Instructions for the task ::
Once you find the line below that has "Stunning Denim Blue", output it and every line after it exactly, stopping after the line that has "Thumbnail: Solid silver", with no pictures.

Data for this task ::
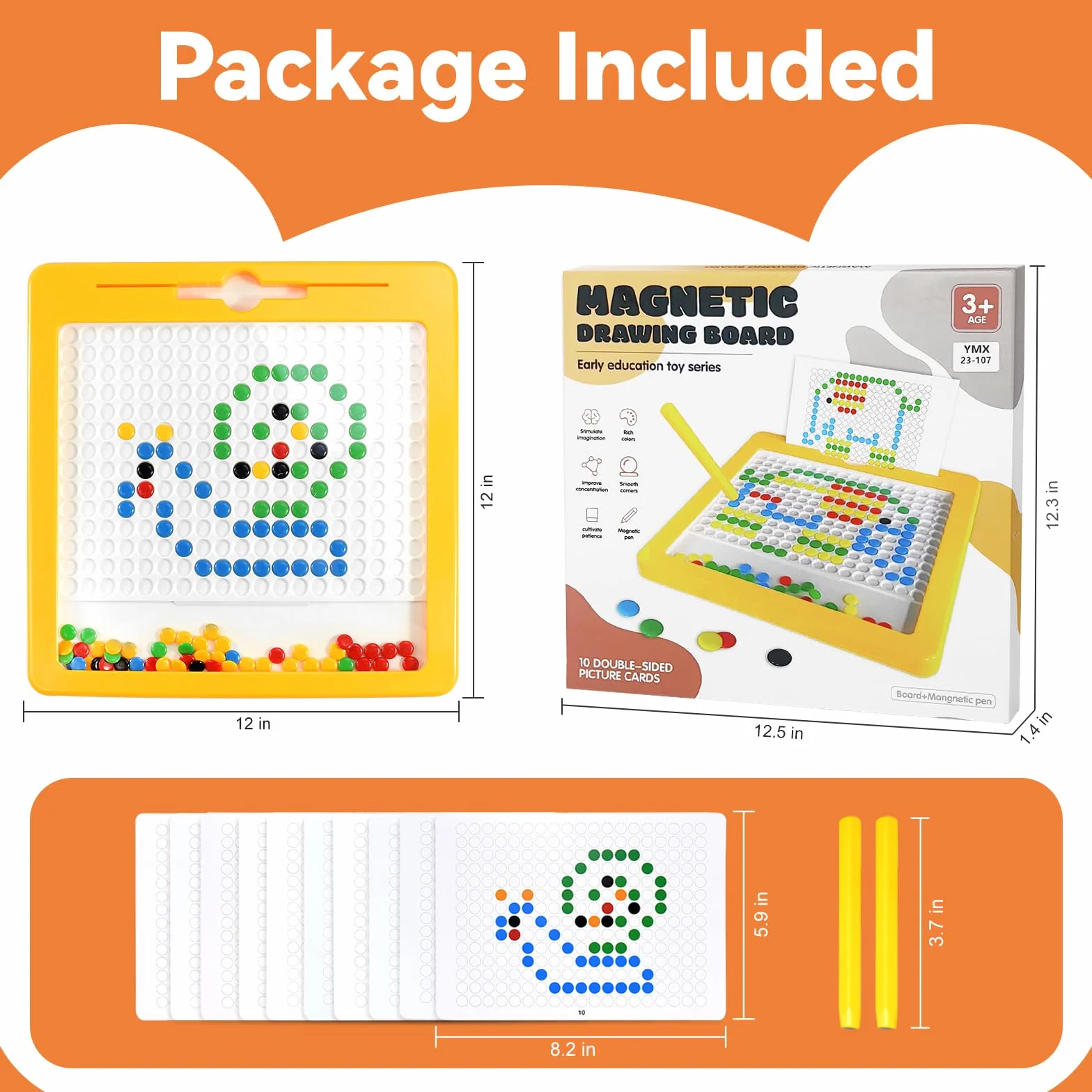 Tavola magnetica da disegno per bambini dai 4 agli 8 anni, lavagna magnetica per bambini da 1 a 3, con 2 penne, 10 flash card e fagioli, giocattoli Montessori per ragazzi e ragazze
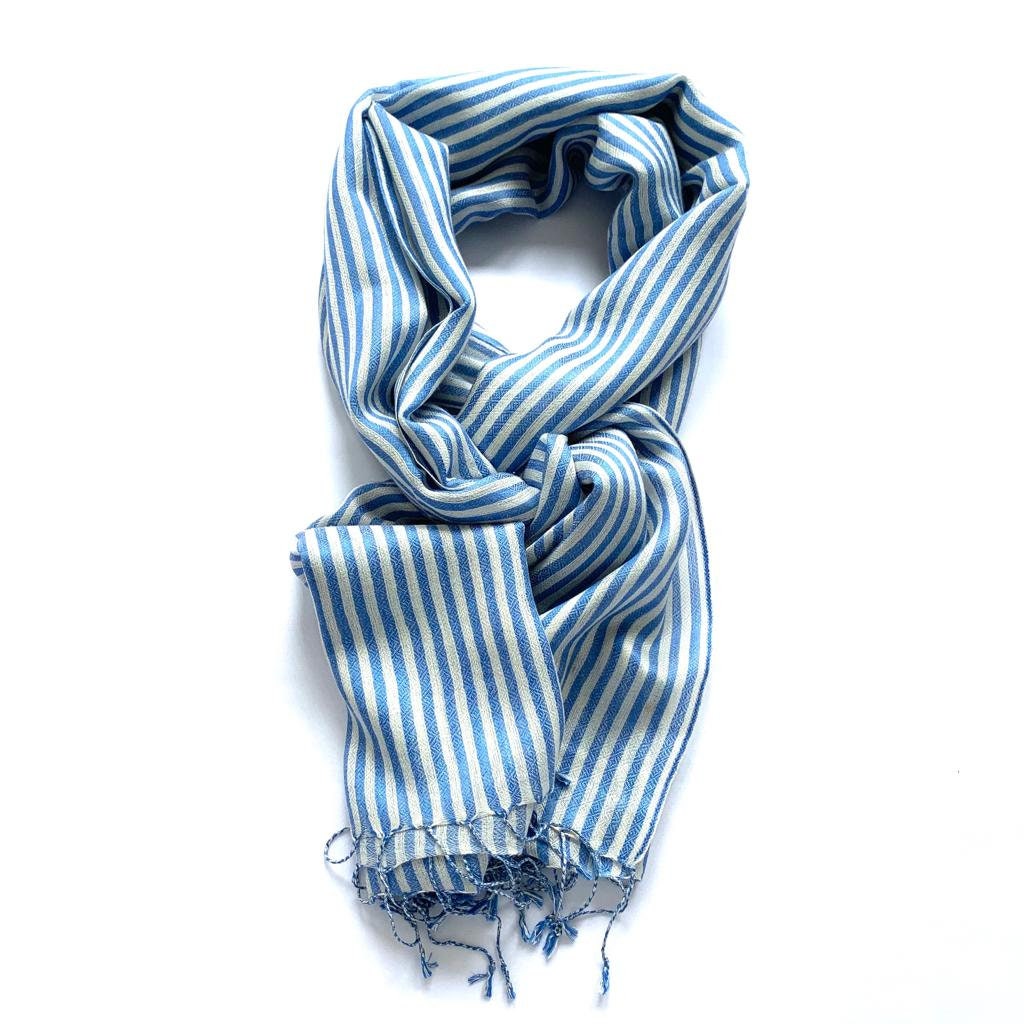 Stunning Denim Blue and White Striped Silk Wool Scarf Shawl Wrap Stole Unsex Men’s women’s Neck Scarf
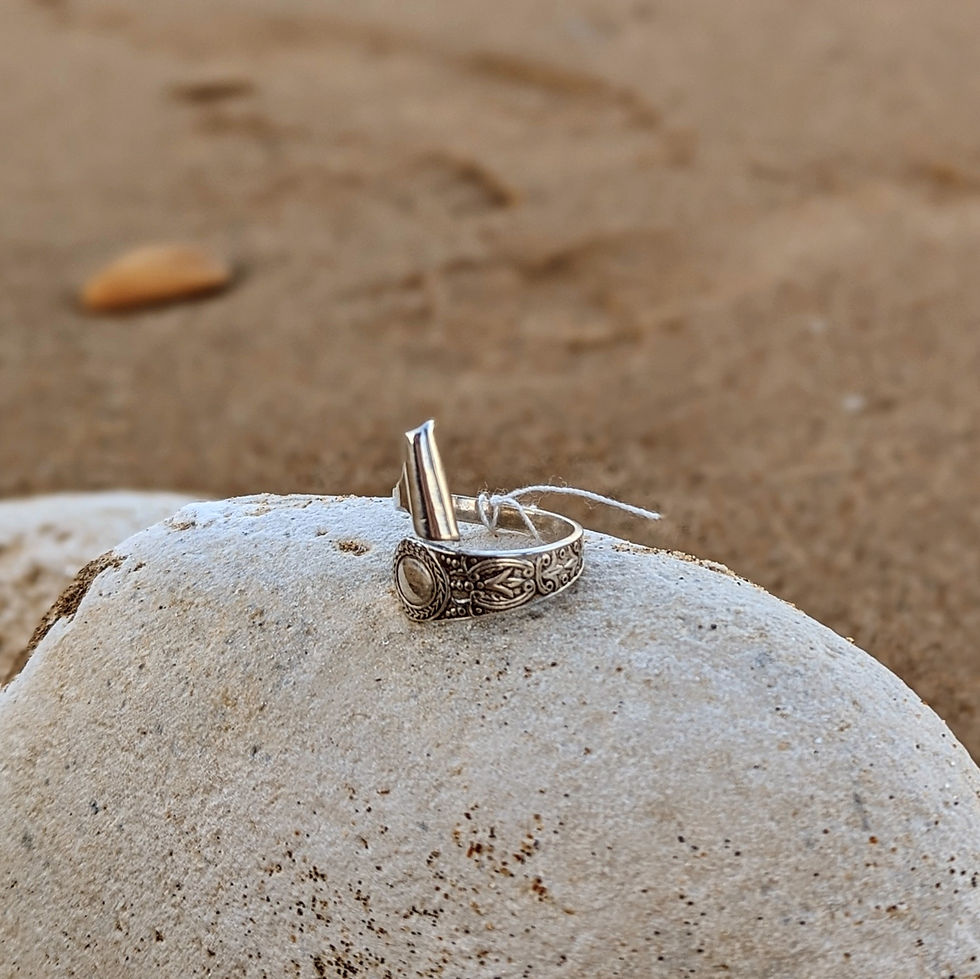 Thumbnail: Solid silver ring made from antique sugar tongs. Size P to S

==

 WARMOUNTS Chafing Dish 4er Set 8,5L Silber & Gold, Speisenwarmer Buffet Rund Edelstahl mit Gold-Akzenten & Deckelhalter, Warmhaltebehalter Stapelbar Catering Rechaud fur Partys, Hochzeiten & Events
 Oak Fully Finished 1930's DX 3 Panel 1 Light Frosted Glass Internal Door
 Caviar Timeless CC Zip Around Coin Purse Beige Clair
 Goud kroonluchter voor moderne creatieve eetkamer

Output below ::
 Stunning Denim Blue and White Striped Silk Wool Scarf Shawl Wrap Stole Unsex Men’s women’s Neck Scarf
 Thumbnail: Solid silver ring made from antique sugar tongs. Size P to S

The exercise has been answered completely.